Der Maler Cavaradossi bietet dem flüchtigen Staatsgefangenen Angelotti ein Versteck an. Der brutale Polizeichef Scarpia hat es auf Cavaradossis eifersüchtige Geliebte, die Sängerin Floria Tosca, abgesehen. Er nutzt ihre Eifersucht und ihren Hang zur Theatralik für seine Interessen aus. Damit will er den Rivalen Cavaradossi und den politischen Gegner Angelotti aus dem Weg räumen. Ein teuflisches Spiel beginnt, in dem Tosca zu spät erkennt, dass nicht sie Scarpia, sondern er sie täuschte. Scarpia verspricht ihr eine Scheinhinrichtung des Fluchthelfers Cavaradossi. Als sie sich Scarpia dafür sexuell hingeben soll, tötet sie ihn. Die scheinbare Hinrichtung Cavaradossis auf der Engelsburg erweist sich als Betrug, Cavaradossi wird erschossen. Tosca stürzt sich vor den Augen der Verfolger von der Brüstung in die Tiefe.

Werk:
Puccinis TOSCA zählt zu den bekanntesten und meistgespielten Opern des gesamten Repertoires. Das kommt nicht von ungefähr. Mit seinem untrüglichen Theaterinstinkt erkannte der italienische Komponist auf Anhieb die Bühnenwirksamkeit des Stoffes (sex, power and crime), kaum hatte er das Schauspiel von Sardou mit Sarah Bernhardt in der Titelrolle gesehen.
Die für die Bühne geforderte Einheit von Ort und Zeit ist in geradezu idealer Weise gewahrt, läuft die Handlung doch innerhalb von nicht einmal 24 Stunden in Rom ab. (Kirche, Palazzo Farnese, Engelsburg).
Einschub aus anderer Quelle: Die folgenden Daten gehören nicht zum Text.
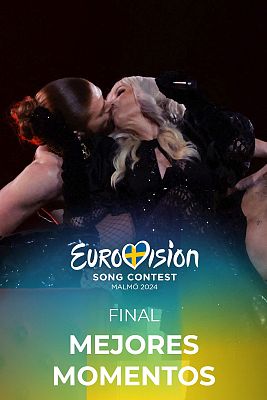 Eurovisión - Los mejores momentos de la final
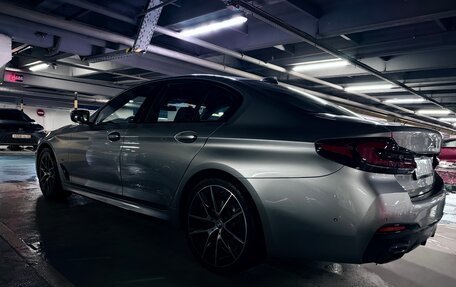 BMW 5 серия, 2020 год, 7 190 000 рублей, 4 фотография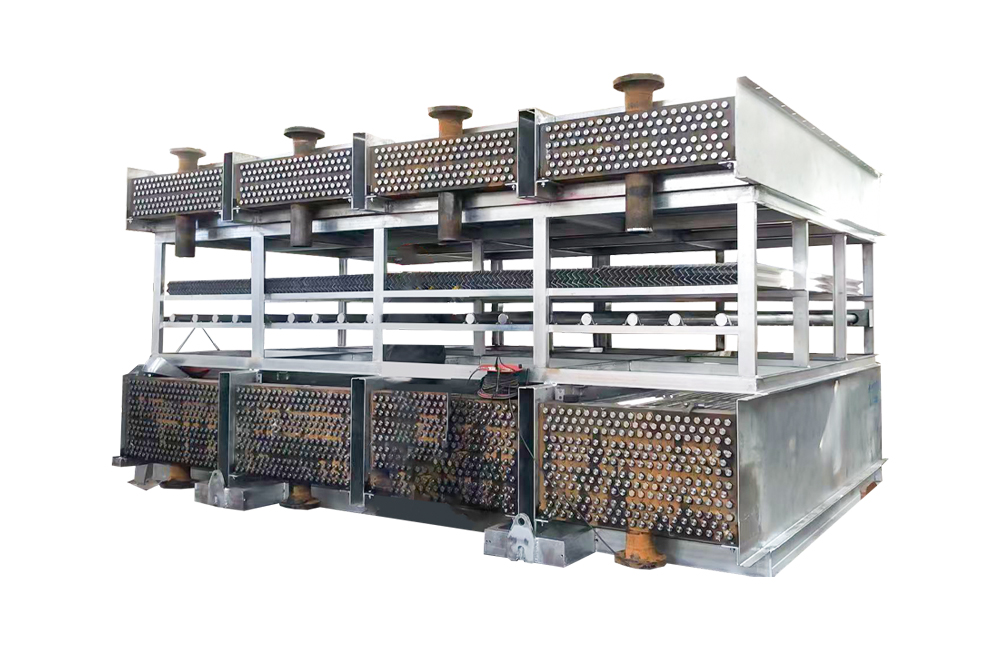 Remote Radiators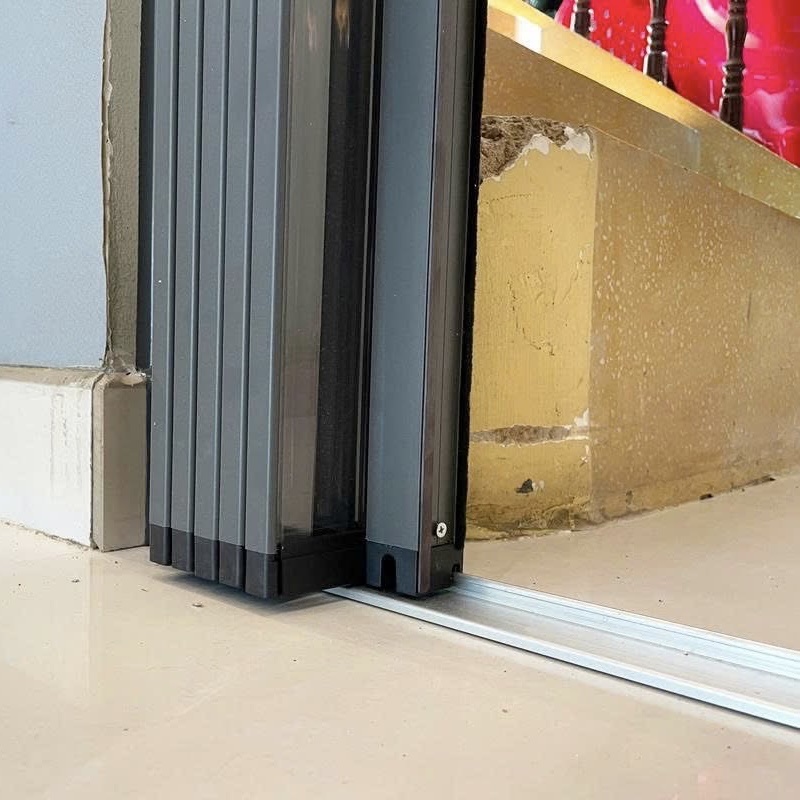 LỢI ÍCH CỬA XẾP LÁ NHÔM GIA LÂM HÀ NỘI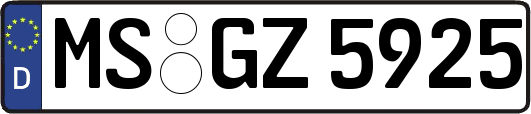 MS-GZ5925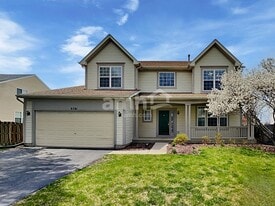 9781 Chetwood Dr in Huntley, IL - Building Photo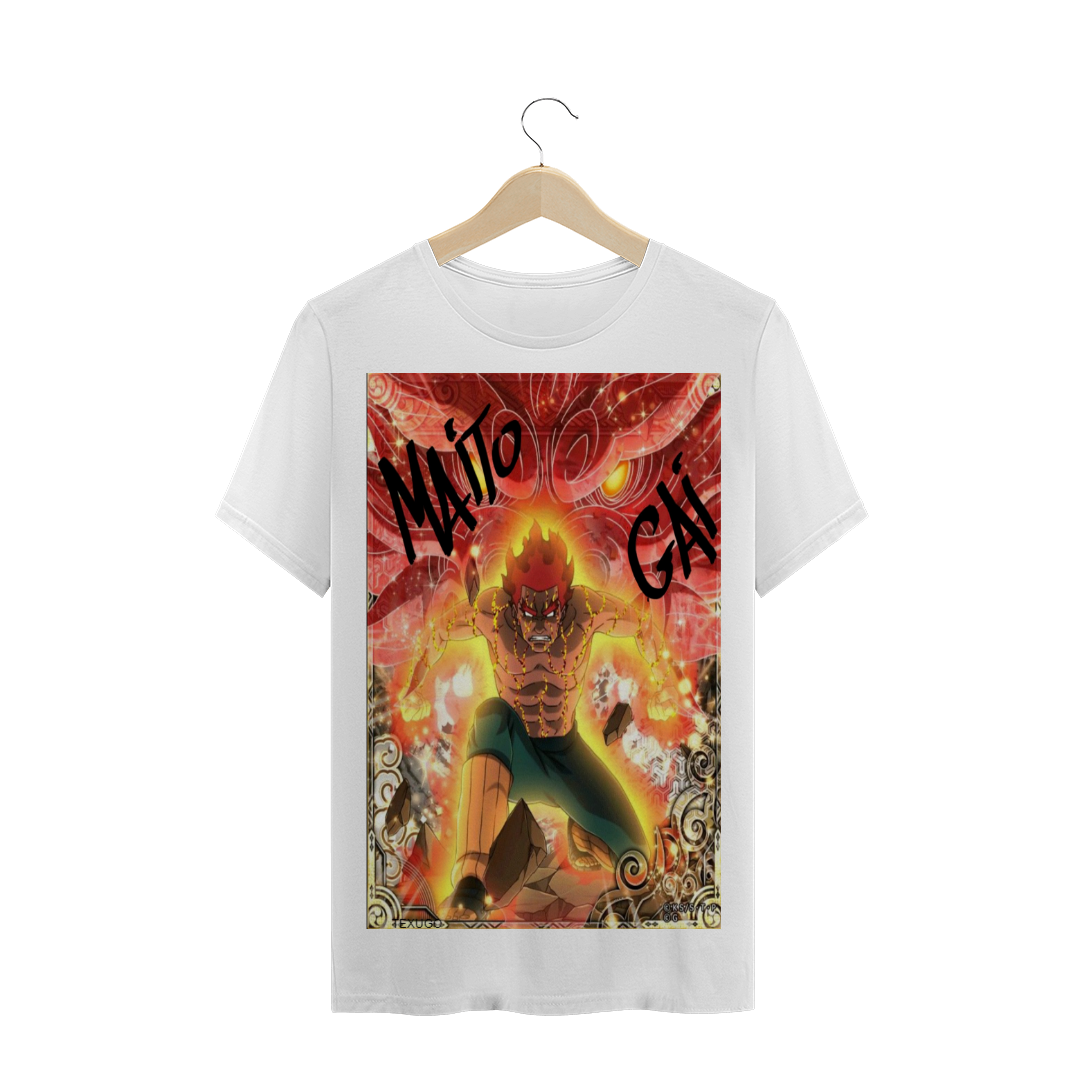 Nome do produto: CAMISETA MAITO GAI 8°PORTÃO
Obwohl der Zeitpunkt des Geschehens klar fixiert ist (17. Juni 1800, Rom), darf nicht übersehen werden, dass Puccini durchaus auch einen Kommentar zu seiner eigenen Gegenwart (restaurative Tendenzen unter Umberto I.) und somit auch einen allgemeingültigen abgab und die oft verhängnisvolle Entente zwischen Kirche und Staatsmacht anprangerte und das Streben nach der Freiheit des Individuums betonte.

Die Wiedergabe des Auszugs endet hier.